Hello my friends! It’s been awhile since I’ve written anything. Not just posts, anything. I feel rusty but I’ll get back into it, find my stride again. I’ve missed you, missed writing, missed a stable place to just be.
I sit out here on my new patio with a couple of giant ferns slightly swaying, a pink-flowered begonia I look at every once in awhile because it makes me so happy. There’s rosemary planted in a favorite pot sitting atop an old sweet chest that I refuse to let go of and basil, thyme and spearmint planted in another pot. I breathe in the goodness that is my life.
I’m settling in. Settling down and it feels so good. Limbo, which I have been in for nearly a year, is an unsettling place to be. Have you ever been there? Why is it so important for us to feel as if we are in a home? Not a temporary place that’s a stopover to somewhere else but a home. What makes it so?
It’s that One Thing.
Home to me is a place that has my personality, my family — hubby and the sweet pups. That personality is reflected in things. The things that bring comfort. We collect them throughout the years, these odds and ends. We get rid of some, hold tight to others because they become a part of us. Bring back wonderful memories. Favorite sheets. Pictures. Photos of loved ones that we don’t pull out to look at much, but we know they are there if we want to.
Much of my things have been packed up in one state then shipped to another. Unpacking is overwhelming. You realize that you have to let go of some things to make room for others. You have to adapt those favorite things to a new place, a new home. It’s liberating and as much as I’ve moved, it’s never easy. To let go of this and that. But when I do, it always makes room for other things to come in. I feel like a chameleon, I change and adapt and become the me I will be in this new spot.
I realize what I really love, those things that truly reflect who I am instead of stuff that was just filling a space. I realize what’s important.
The Secret to Life
Do you remember the movie, City Slickers? Billy Crystal plays this middle-aged guy who sells air for a radio station or something like that. He’s unhappy. Feels unsettled. Wonders what it’s (life) all about.
So he goes on, with his wife’s blessing, a trip where he and some friends have to take cattle from one place to another out in the middle of…I don’t remember, help me here, Colorado or Wyoming or one of those wide-open, God’s country places. Anyway during his journey he discovers what’s really important from doing things he’s never done.

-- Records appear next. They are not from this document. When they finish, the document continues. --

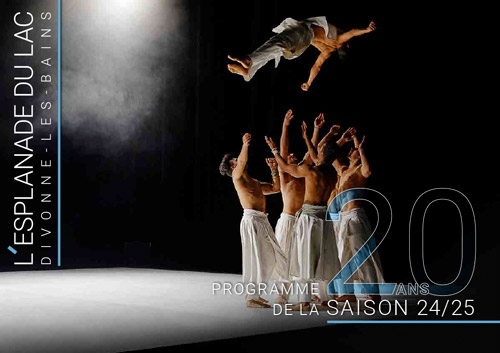 Couverture de la plaquette 2024-25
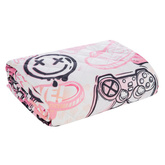 Narzuta Kid biała 170x210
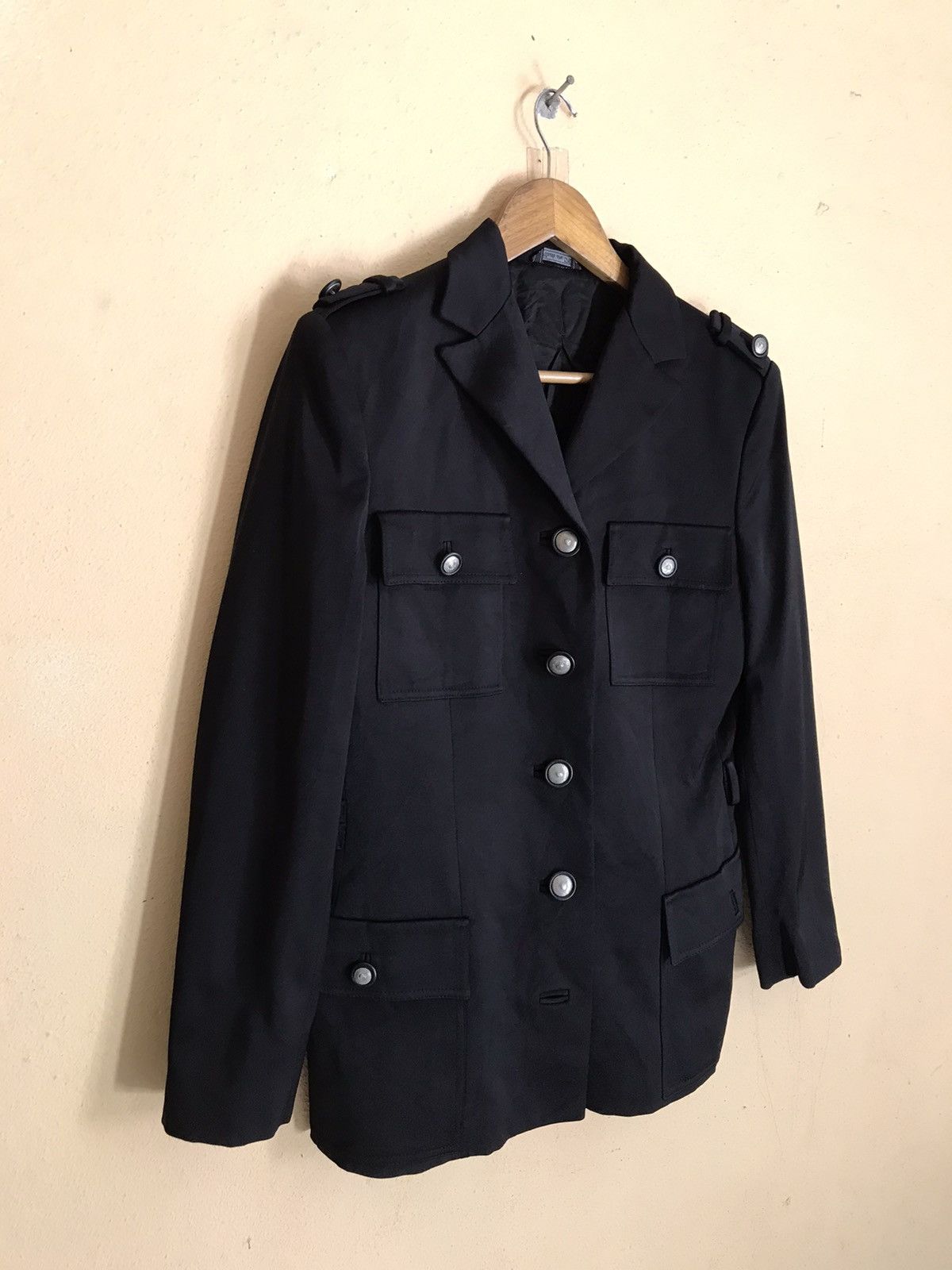 Versace VINTAGE GIANNI VERSACE WORKWEAR JACKET WOMEN Size US M / EU 48-50 / 2 - 4 Thumbnail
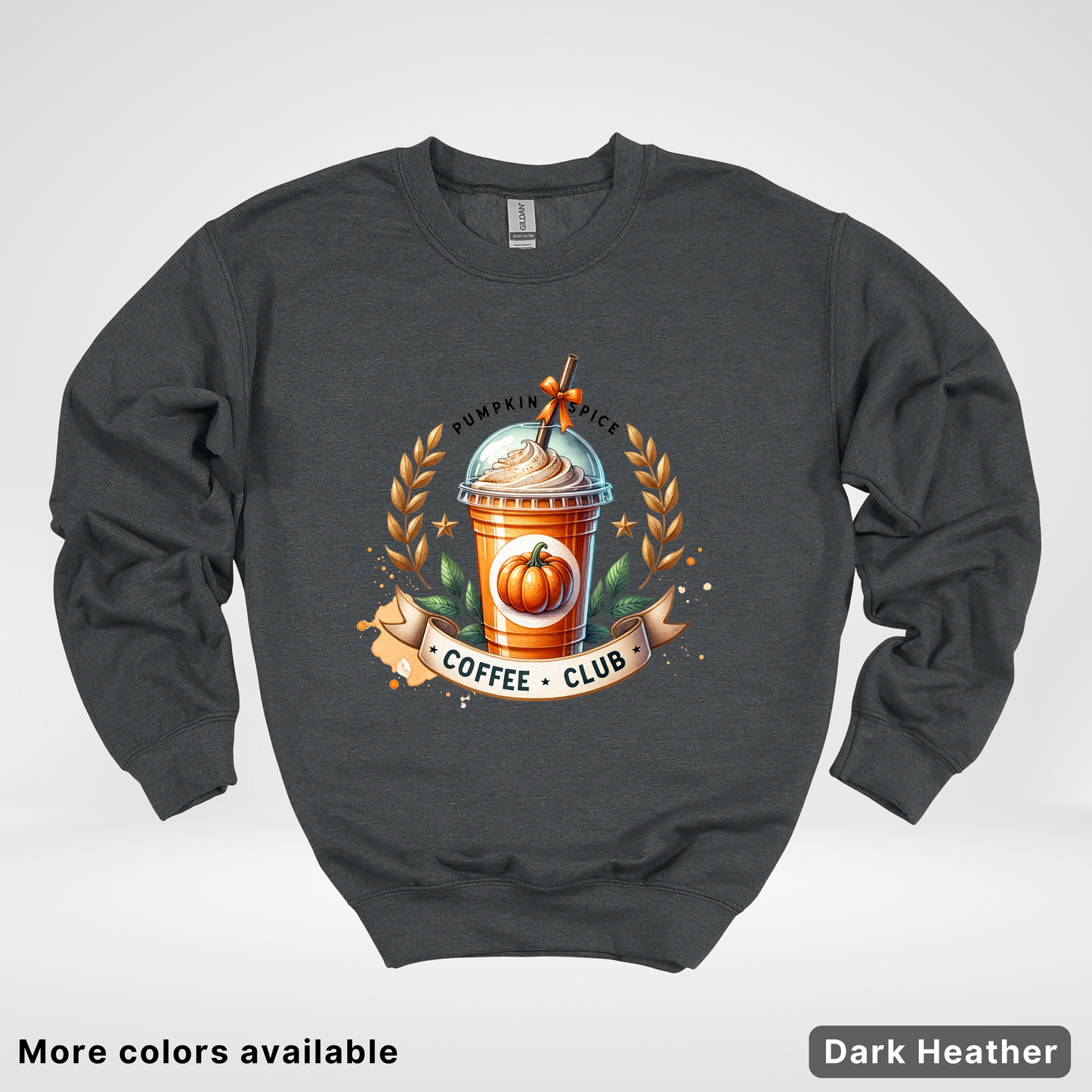 Pumpkin Spice Coffee Club 2 - Crewneck Sweatshirts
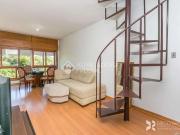 Cobertura para Venda em Porto Alegre/RS Cristal 3 Quartos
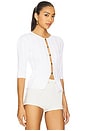 view 2 of 5 GILET DELILAH in Blanca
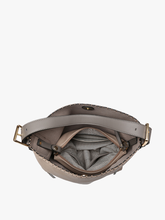 Load image into Gallery viewer, Alexa 2-in-1 Hobo Bag w/Dual Zip Compartments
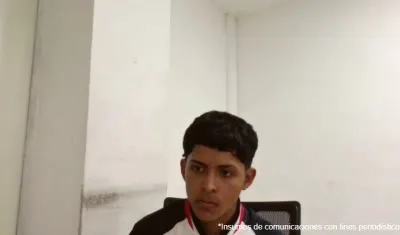 José Armando Carvajal Fernández, alias 'Flaco Carvajal'.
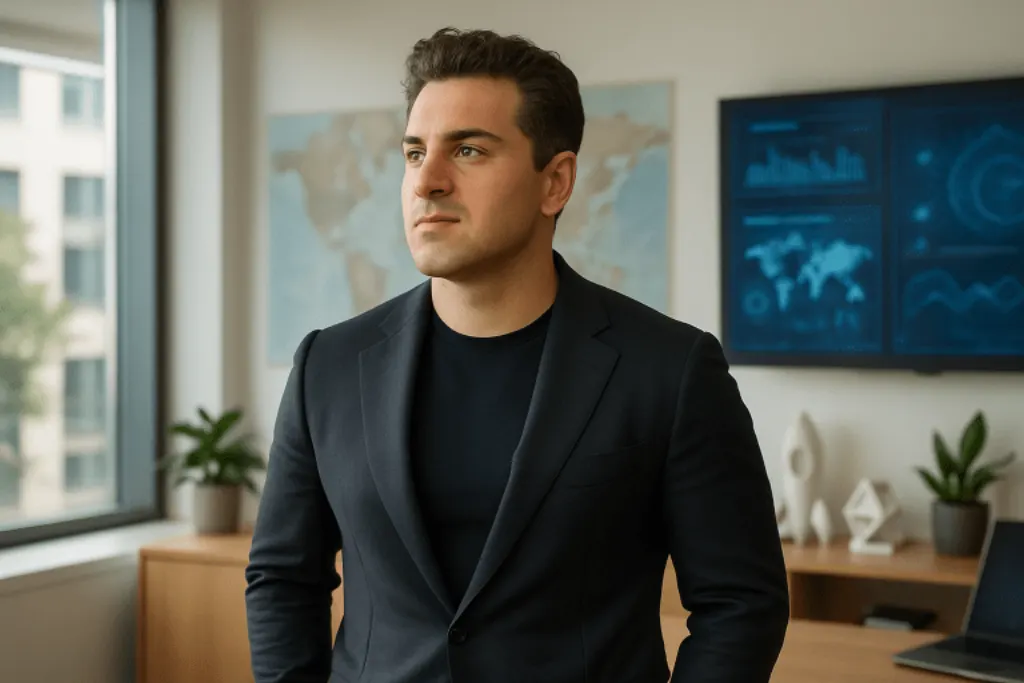 brian chesky, ceo d'airbnb, présente son nouveau cto et souligne une opportunité unique d'intégrer l'intelligence artificielle pour transformer le secteur du voyage et du commerce en ligne.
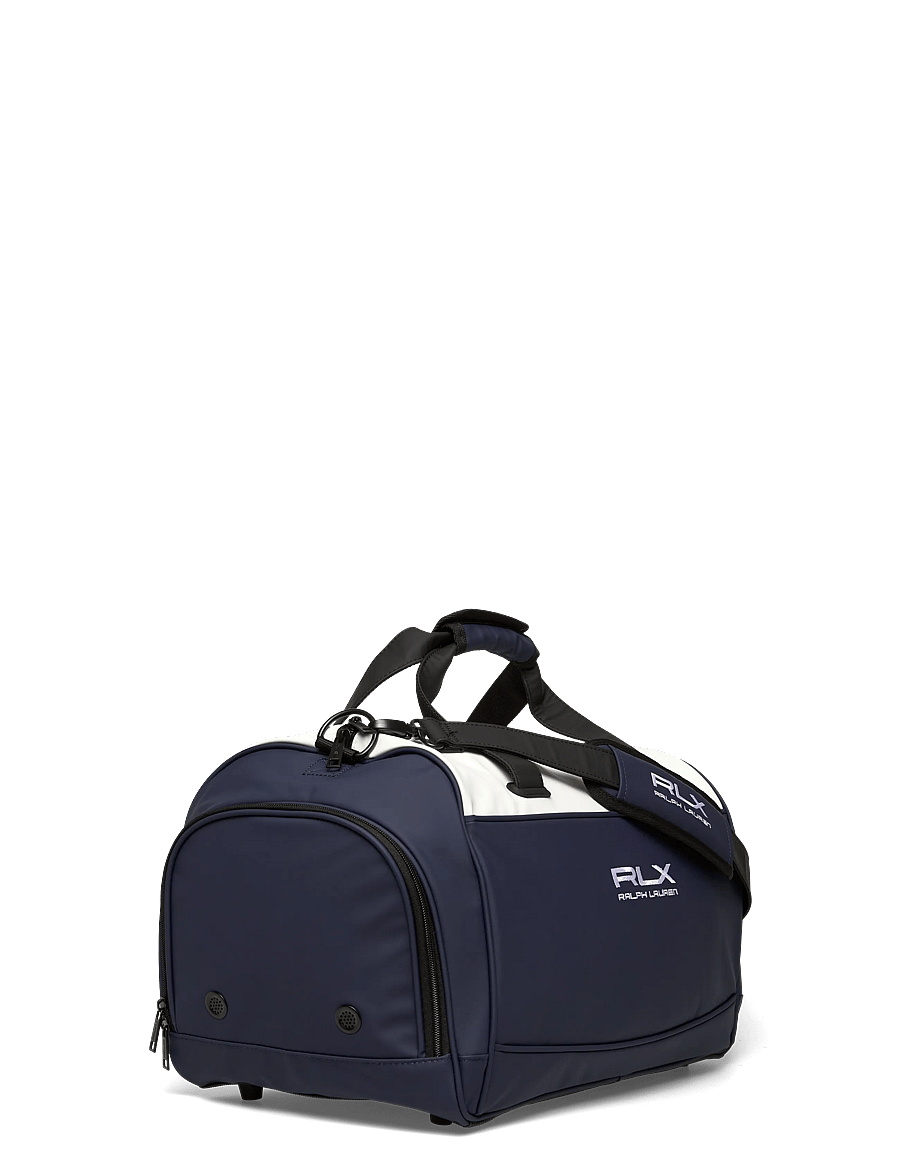 Ralph Lauren Golf - Embroidered Logo Golf Boston Bag - sportsbagger - navy/white - 2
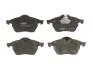 Колодки тормозные дисковые передние Opel Vectra B (95-) (GDB1271) TRW
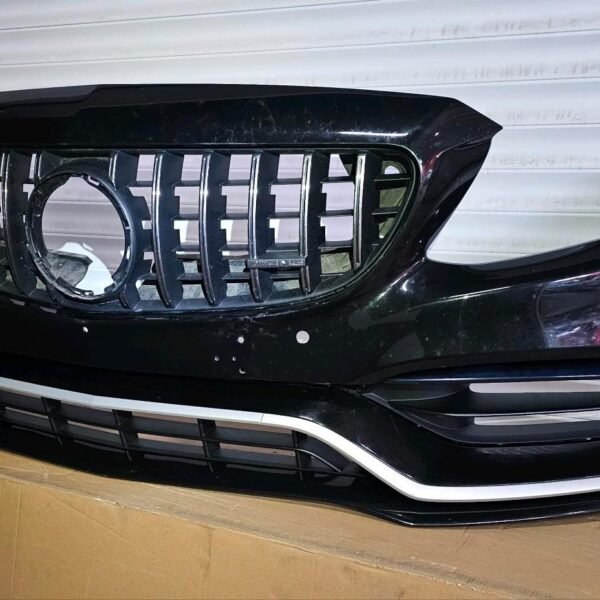 Mercedes C63 AMG Front Bumper Facelift – Panamericana Grille – W205 / S205 – OEM - AMG CAR PARTS SHOP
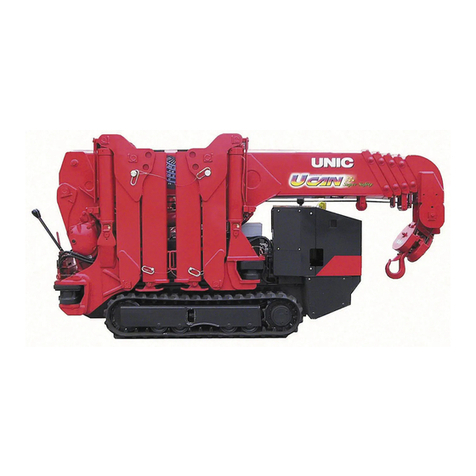 Unic URW295CUR Workshop manual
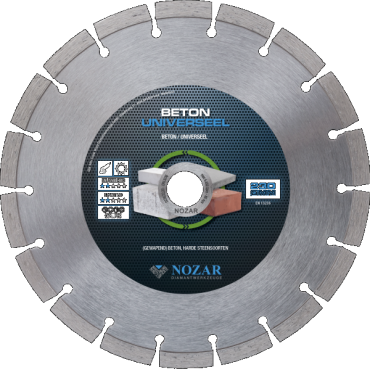 Beton Universeel 230x22,23mm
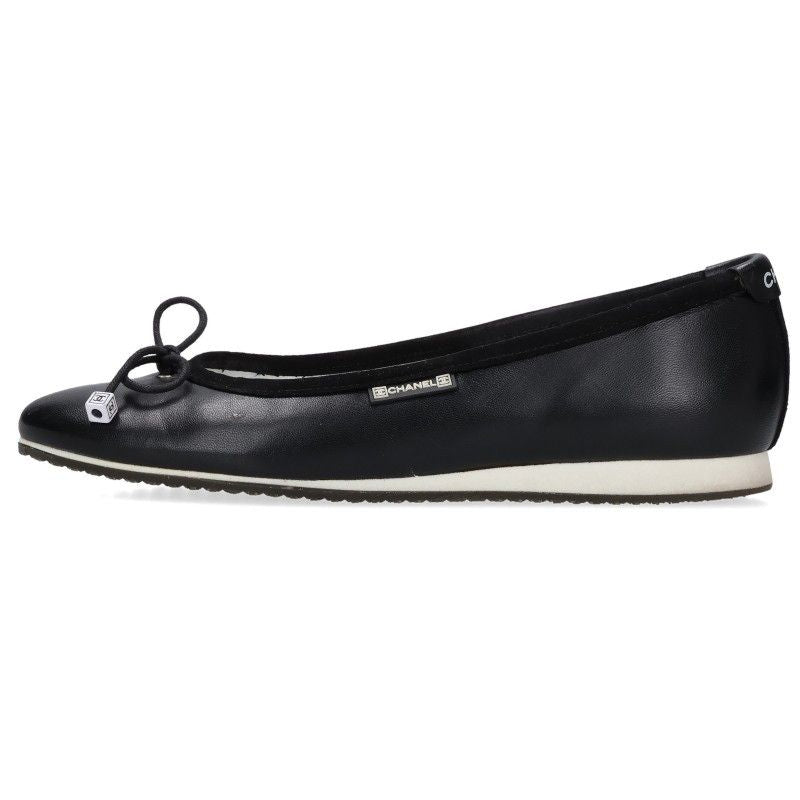 Chanel Flat Pumps Shoes — view 2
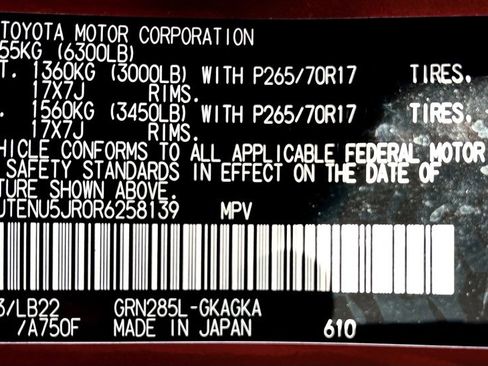 Certified 2024 Toyota 4Runner SR5 Premium w/ Moonroof Package image 26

His mettle is tested.
There’s this scene, my favorite one, when he’s talking to this old, experienced cowboy played by Jack Palance. Palance seems like an asshole but he’s not, he’s just lived a different life and he asks Billy Crystal, “Do you know what the secret to life is?”
“No what?” Crystal askes.
“This,” Palance says as he holds up one finger.
“What your finger?”
“One thing, just one thing,” Palance tells him. “You stick to that and everything else don’t mean sh*t.”
“That’s great, but what’s the one thing?”
“That’s what you gotta figure out,” Palance tells him.
My One Thing
So on this limbo, crazy journey that’s been my life for nearly a year, I’ve grown. I’ve learned. I’ve endured loss, sadness, anxiety and every thing in between. But, through it all, I know what my one thing is. I have beautiful moments now that fill me with peace. I have a greater understanding of the rhythm of life. I have a deeper love for my family and I know that whatever is ahead, I can manage it.
And this: I am exactly where I am supposed to be with people I love and who love me. I can RELAX. And let me tell you, that One Thing is very sweet indeed.
The rest — doesn’t mean sh*t.
What’s your one thing? And, how are you?